Why geothermal energy is on shaky ground
Not so long ago, former Australian of the Year, Tim Flannery was proposing that we build a low carbon-emitting city in the outback of Australia called Geothermia. As Flannery wrote:
What might it look like? I imagine a solar collector towering over a low-rise city, providing shade and conserving soil moisture. Perhaps the infrastructure would be underground. Geothermia would be a city not of thousands but of hundreds of thousands – a place with its own critical mass. And most importantly it would be a fully sustainable city – Australia’s very first.
Flannery’s imagined utopia, incidentally, was situated quite close to trials being carried out by Geodynamics, a company for which he was an enthusiastic shareholder.
The road since then has been a bumpy one for the geothermal industry in Australia, with millions of taxpayer dollars disappearing into the drill-holes and precisely no electricity coming out.
This is despite the fact Flannery was telling ABC radio at the time:
“There are hot rocks in South Australia that potentially have enough embedded energy in them to run the Australian economy for the best part of a century.
Now, they’re not being fully exploited yet but the technology to extract that energy and turn it into electricity is relatively straightforward.”
What Flannery neglected to tell anyone is that only a few months earlier, one of the first trials of geothermal energy had been abandoned after causing 3,500 earthquakes in Basel, Switzerland.
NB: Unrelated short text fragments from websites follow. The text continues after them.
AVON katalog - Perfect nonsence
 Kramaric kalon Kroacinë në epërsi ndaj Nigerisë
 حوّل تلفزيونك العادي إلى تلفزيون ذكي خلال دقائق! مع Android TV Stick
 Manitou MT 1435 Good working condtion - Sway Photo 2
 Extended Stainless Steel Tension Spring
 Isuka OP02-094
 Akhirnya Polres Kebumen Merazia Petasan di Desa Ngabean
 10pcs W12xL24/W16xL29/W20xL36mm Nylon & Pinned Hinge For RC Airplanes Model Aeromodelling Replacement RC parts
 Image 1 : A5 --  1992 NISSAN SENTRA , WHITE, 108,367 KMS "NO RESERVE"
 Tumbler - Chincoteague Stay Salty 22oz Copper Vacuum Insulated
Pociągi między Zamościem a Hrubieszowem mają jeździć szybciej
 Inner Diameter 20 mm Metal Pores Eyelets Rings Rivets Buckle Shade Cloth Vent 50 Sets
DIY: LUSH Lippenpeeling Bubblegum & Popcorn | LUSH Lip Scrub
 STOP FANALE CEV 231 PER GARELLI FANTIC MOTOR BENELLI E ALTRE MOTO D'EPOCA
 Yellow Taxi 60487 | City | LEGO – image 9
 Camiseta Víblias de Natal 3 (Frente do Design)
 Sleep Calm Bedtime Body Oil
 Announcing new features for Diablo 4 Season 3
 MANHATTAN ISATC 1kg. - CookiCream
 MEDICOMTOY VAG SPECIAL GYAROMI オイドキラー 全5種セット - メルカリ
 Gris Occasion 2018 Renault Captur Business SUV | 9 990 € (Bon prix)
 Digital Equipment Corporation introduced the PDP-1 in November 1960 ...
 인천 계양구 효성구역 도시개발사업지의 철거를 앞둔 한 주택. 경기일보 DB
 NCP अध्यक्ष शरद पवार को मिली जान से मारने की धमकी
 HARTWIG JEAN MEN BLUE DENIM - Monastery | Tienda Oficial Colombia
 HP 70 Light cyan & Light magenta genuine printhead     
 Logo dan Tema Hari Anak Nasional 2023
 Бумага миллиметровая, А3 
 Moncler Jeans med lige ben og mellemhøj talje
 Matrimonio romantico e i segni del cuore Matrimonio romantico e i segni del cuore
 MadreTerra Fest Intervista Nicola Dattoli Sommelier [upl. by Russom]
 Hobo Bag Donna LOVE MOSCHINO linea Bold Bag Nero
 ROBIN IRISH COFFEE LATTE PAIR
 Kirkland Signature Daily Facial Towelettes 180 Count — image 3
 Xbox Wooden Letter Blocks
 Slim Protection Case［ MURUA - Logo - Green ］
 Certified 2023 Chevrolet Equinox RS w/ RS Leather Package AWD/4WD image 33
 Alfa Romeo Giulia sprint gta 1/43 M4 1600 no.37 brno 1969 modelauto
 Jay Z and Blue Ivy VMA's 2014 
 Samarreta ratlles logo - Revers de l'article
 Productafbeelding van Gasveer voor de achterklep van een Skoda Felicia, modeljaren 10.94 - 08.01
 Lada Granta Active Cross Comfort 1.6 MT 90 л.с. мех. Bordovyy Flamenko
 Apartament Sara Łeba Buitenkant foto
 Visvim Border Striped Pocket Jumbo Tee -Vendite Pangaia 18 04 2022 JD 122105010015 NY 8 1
While the shocks only reached 3.4 on the Richter scale, they were enough to cause US$7 million damage to buildings, and land the CEO of the company in court.
Geodynamics has since asserted in a statement that an American expert claims:
“The intensity of the seismic events to date that could be blamed on EGS (enhanced geothermal systems) has been well below the threshold of what people normally consider an earthquake.”
This is not entirely consistent with reports from the Swiss, like this one:
“Local police and fire departments received hundreds of phone calls from worried citizens, and some buildings suffered from cracks and broken tiles.”
There have since been similar small earthquakes measured in Germany, and the United States close to geothermal projects, and a large one in Mexico that may or may not have been related to the geothermal plant.
The problem for the geothermal industry is that earthquakes are not just an unwanted side effect of the process, they are – at least until anyone finds an alternative way of doing it – actually part of the process, and scientists are still a long way from being able to predict or control them.
Another problem for the industry is that keeping a large distance between a power plant and consumers of electricity will greatly increase the cost of power. In fact, if geothermal power plants cause earthquakes, it won’t even be a safe option for powering mining operations in remote areas, let alone a glittering sustainable metropolis like Geothermia.